Would you do it?

posted 1 year ago in Career
  • poll: Would you take a 60% pay increase if it meant leaving a team you loved?
    I'd take it : (64 votes)
    94 %
    I'd stay : (4 votes)
    6 %
  • Post # 16
    Member
    3393 posts
    Sugar bee
    • Wedding: January 2021

    Unless you have any reason to believe the workplace you would be moving to would be hostile or disrespectful, or you’d be moving on to work that you find dissatisfying, I see no reason not to take the opportunity. Make sure you do your homework to find out as much as you can about the work environment as well as the position you’ve been asked to fill, adn then make an informed decision. 

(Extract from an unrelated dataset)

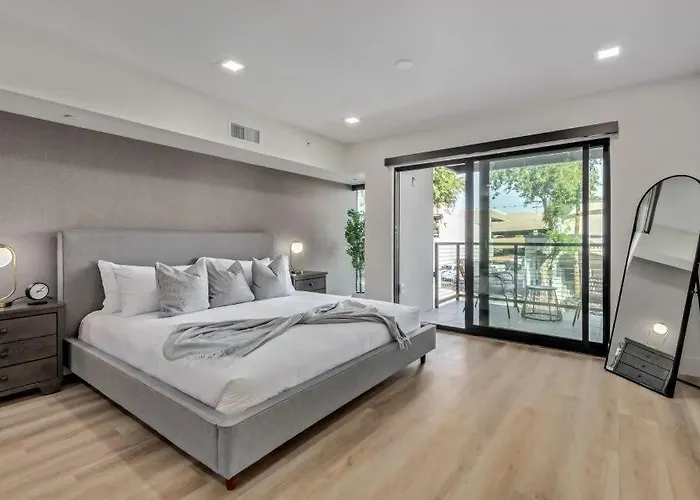 Lux At Craftsman - Heart Of Old Town 1 Scottsdale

    If the only thing holding you back is that you like the people you are currently working with, then I think it would be silly not to take the higher paying job. There are nice people everywhere and you’ll make new work friends. Besides, if the team you work with is really that important to you, you can remain friends outside of work after you leave. If they’re not important enough to you that you see yourself continuing to be friends after you leave, then they’re most certainly not important enough to give up a great opportunity for!

    Post # 17
    Hostess
    3844 posts
    Honey bee
    • Wedding: November 2016

    sbl99 :  What does the new job offer as far as healthcare goes?  A lot of gov contract jobs lack a lot of the benefits other jobs have that makes the pay increase negligible.  My preference would be to stay at my current job with the team I loved, but I’ve been a gov contractor and wouldn’t give up my permanent job to do that again, regardless of the pay increase.  

    Post # 18
    Member
    3393 posts
    Sugar bee
    • Wedding: January 2021

    PPs make some good points about it being a contact position – how confident are you that it will become permanent? Is it essentially a matter of “it’s contract just so that they can be sure I’m the right fit before taking me on permanently” and you are confident you will perform the job to the required expectations? Then take it. If there is no real reason to believe it will become permanent, I’d be much more hesitant. You could use the offer as leverage to ask for a raise at your current position. 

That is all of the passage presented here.